Thought you guys would get a kick out this...


----------



## 20v master (May 7, 2009)

:thumbup:


----------



## sciroccohal (May 4, 2005)

*favorite color*

You really have do do something about dandruff! 

Here in PHX.....well we avoid that!:wave:


----------



## Imola_TT (Aug 21, 2011)

Love it!


----------



## chadd! (Apr 16, 2012)

Thanks guys, this is my last winter in Germany then I'm off to TX, it'll be the first time the car has been in the states! Gonna miss the autobahn! 👍


----------



## warranty225cpe (Dec 3, 2008)

Welcome. RHD or LHD?


----------



## chadd! (Apr 16, 2012)

It's a US spec car, I'm in the US ARMY stationed in Germany. We can get all the German made cars in US specs from the factory over here. I bought it last year from a guy who's had it new since 04 and man he took REALLY good care of it! I've done a lot to it though since I've had it 👍. Best part is, it's 1 out 29 US spec papaya 225's made in 04 (according to audi).


----------



## TTC2k5 (May 23, 2008)

chadd! said:


> Thanks guys, this is my last winter in Germany then I'm off to TX, it'll be the first time the car has been in the states! Gonna miss the autobahn! &#55357;&#56397;


 Where in TX....Ft Hood? 

cheers


----------



## chadd! (Apr 16, 2012)

Yes sir!


----------



## TTC2k5 (May 23, 2008)

chadd! said:


> Yes sir!


 lol...should of known given your "cars"


----------



## chadd! (Apr 16, 2012)

Lol the Abrams?😃


----------



## TTC2k5 (May 23, 2008)

chadd! said:


> Lol the Abrams?&#55357;&#56835;


 That would be the one. It's one hellava-hooah car. ;-)


----------



## chadd! (Apr 16, 2012)

Yes it is  I feel like Moses driving that thing lol when I get to hood we definitely need meet up!


----------



## TTC2k5 (May 23, 2008)

chadd! said:


> Yes it is  I feel like Moses driving that thing lol when I get to hood we definitely need meet up!

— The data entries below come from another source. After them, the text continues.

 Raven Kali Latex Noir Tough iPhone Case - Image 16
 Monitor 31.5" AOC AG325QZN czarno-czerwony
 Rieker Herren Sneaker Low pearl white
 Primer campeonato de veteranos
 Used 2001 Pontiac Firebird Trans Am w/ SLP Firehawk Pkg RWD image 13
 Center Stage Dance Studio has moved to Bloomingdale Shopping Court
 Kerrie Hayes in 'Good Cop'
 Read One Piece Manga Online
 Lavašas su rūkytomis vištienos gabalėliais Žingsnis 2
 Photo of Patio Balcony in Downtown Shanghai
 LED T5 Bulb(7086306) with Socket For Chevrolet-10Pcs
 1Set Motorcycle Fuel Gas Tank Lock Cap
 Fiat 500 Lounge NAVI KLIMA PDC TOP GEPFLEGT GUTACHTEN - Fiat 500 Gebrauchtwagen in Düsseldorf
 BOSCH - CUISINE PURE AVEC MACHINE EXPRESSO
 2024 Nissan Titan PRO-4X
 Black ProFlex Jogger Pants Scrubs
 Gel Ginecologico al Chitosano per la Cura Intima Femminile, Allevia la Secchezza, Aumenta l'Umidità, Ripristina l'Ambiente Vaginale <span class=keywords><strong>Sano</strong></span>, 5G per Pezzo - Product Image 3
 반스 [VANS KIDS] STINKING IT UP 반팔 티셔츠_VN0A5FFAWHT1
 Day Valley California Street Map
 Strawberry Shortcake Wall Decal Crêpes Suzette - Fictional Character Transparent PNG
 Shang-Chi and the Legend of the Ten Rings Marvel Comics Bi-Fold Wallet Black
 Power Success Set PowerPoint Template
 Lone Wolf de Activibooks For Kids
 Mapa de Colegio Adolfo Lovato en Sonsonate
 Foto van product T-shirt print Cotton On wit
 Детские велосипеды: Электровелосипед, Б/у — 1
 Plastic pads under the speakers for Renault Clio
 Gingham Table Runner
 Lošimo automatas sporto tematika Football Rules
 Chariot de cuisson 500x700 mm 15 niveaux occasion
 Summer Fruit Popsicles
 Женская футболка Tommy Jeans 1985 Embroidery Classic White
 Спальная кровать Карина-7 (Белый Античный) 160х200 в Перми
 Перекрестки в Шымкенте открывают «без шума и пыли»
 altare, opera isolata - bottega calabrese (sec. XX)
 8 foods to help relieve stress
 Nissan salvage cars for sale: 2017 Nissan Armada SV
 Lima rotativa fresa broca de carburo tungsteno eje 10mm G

 I'm a bit north of Hood in the north dallas area. But, I try to host a TT GTG/garage day 2-3 time a year and you are certainly invited. August GTG here...a chance to meet-n-greet, turn a few wrenches, 




























...and of course the Quattro Pub will be open. 



















cuz it never closes.  

cheers.


----------



## sciroccohal (May 4, 2005)

*texas has one*

Texas has 'the american autobahn' 85 mph limit. 

I know none of us considers that 'fast'....but it's better than 55!


----------



## chadd! (Apr 16, 2012)

Thats sounds awesome! I'm looking forward to it! Thanks man, I'll post some pics of the things I've done for ya tomorrow. 

85 mph IS better than nothing, I'm gonna miss doing my Italian tune ups at 150 mph +


----------



## 01ttgt28 (Jun 23, 2009)

sciroccohal said:


> Texas has 'the american autobahn' 85 mph limit.
> 
> I know none of us considers that 'fast'....but it's better than 55!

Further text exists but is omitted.